Selain itu, ada kelompok-kelompok lain yang menyebabkan jumlah penyebaran HIV/AIDS meningkatkan di kota pendidikan ini. Yaitu mereka yang menggunakan narkoba dengan jarum suntik bergantian.
"Kemudian mereka yang menjadi pekerja seks komersial, heteroseksual, homoseksual. Terutama mereka yang sering ganti-ganti pasangan seksual hingga waria," ujarnya.
Penggunaan jarum suntik bergantian sampai seks bebas juga memiliki resiko tinggi penularan HIV/AIDS. Perlu adanya kesadaran terhadap perilaku masyarakat yang seperti ini.
3. Dinkes memberikan perhatian pada komunitas gay di Malang

Dinas Kesehatan Kota Malang tengah melakukan berbagai cara menekan penyebaran HIV/AIDS di Kota Malang. Salah satunya dengan menggandeng komunitas gay di Kota Malang untuk dilakukan sosialisasi.

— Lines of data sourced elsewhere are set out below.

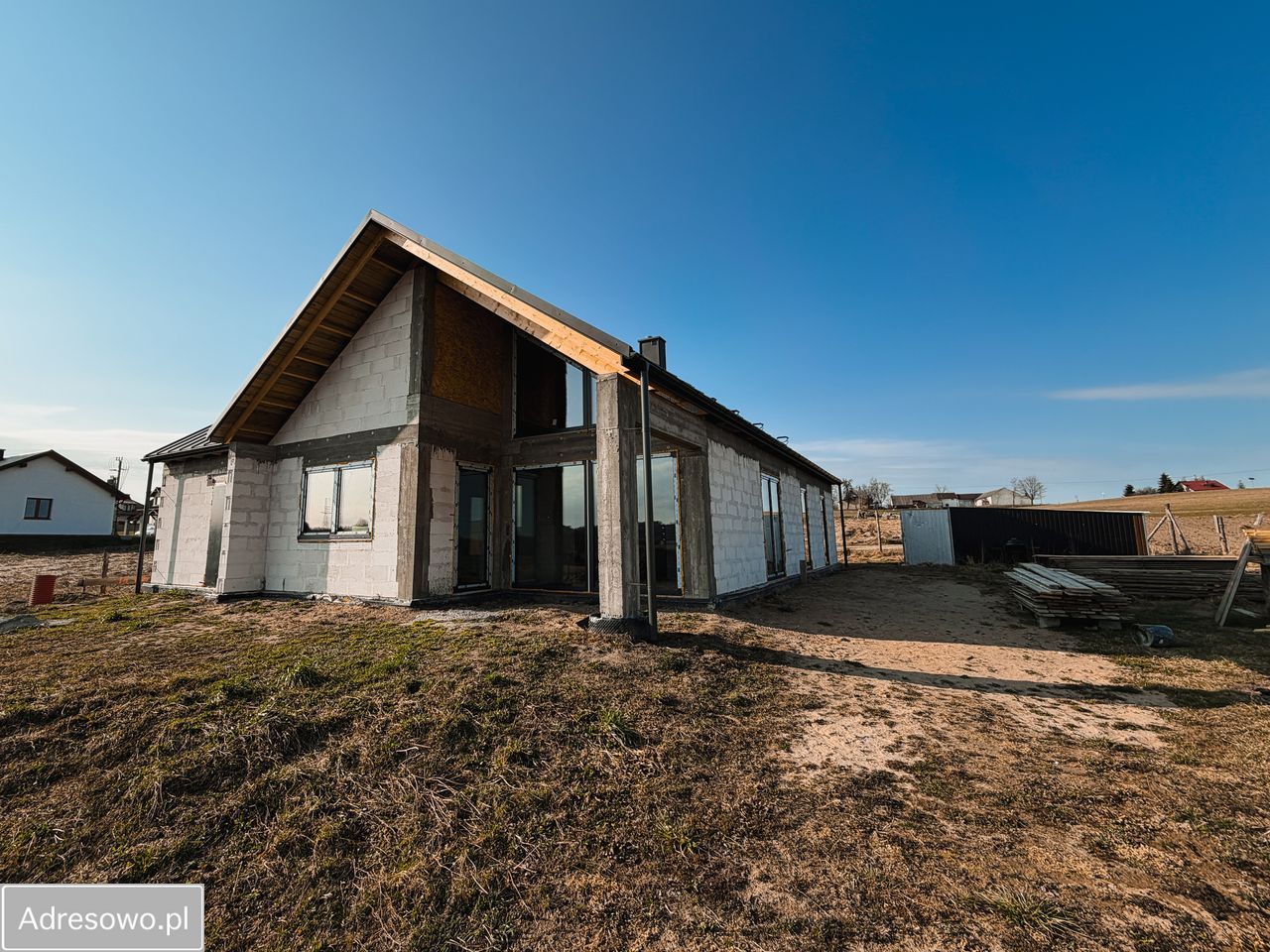 dom wolnostojący, 4 pokoje Starkowa Huta. Zdjęcie 19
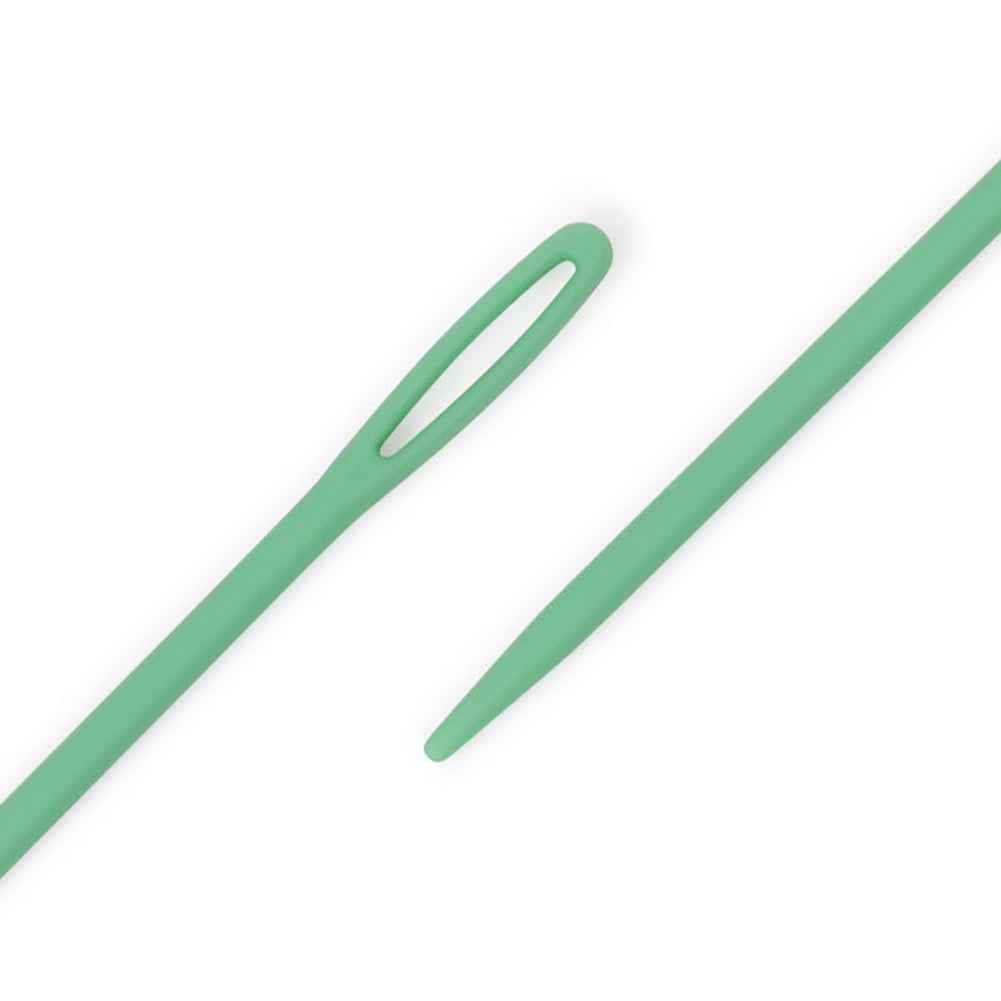 Dritz Plastic Sewing Needles - 2 ct - Full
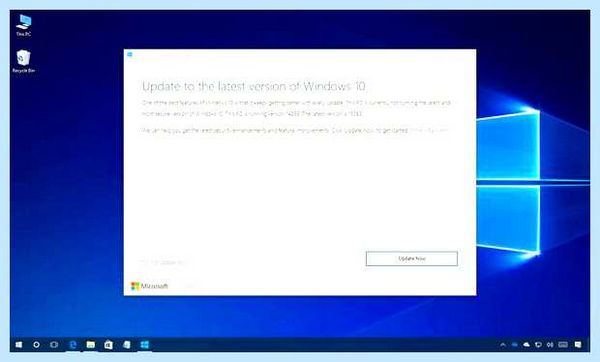 Microsoft windows update assistant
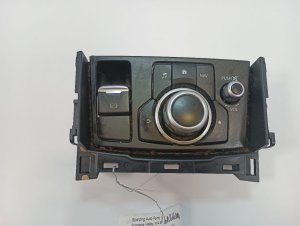 2016-2018 MAZDA 3 Console Radio Control Panel (Used OEM)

"Kita melakukan pendekatan-pendekatan dengan kelompok LGBTQ di Kota Malang. Seperti Ikatan Gay Malang (Igama), Paramitra, Sadar Hati, sampai Waria Malang Raya Peduli HIV/AIDS," bebernya.
Kemudian ada juga usaha penekanan HIV/AIDS dengan peningkatan pemeriksaan dan edukasi. Salah satunya dengan mobile klinik yang langsu mendatangi hot spot atau populasi kunci untuk melakukan pemeriksaan HIV/AIDS.
Kemudian yang paling utama adalah sosialisasi dan edukasi kepada anak-anak muda atau remaja di lingkungan sekolah. "Kita melakukan sosialisasi pada siswa SMP dan SMA tentang cara pencegahan HIV/AIDS pada program Unit Kesehatan Sekolah (UKS)," pungkasnya.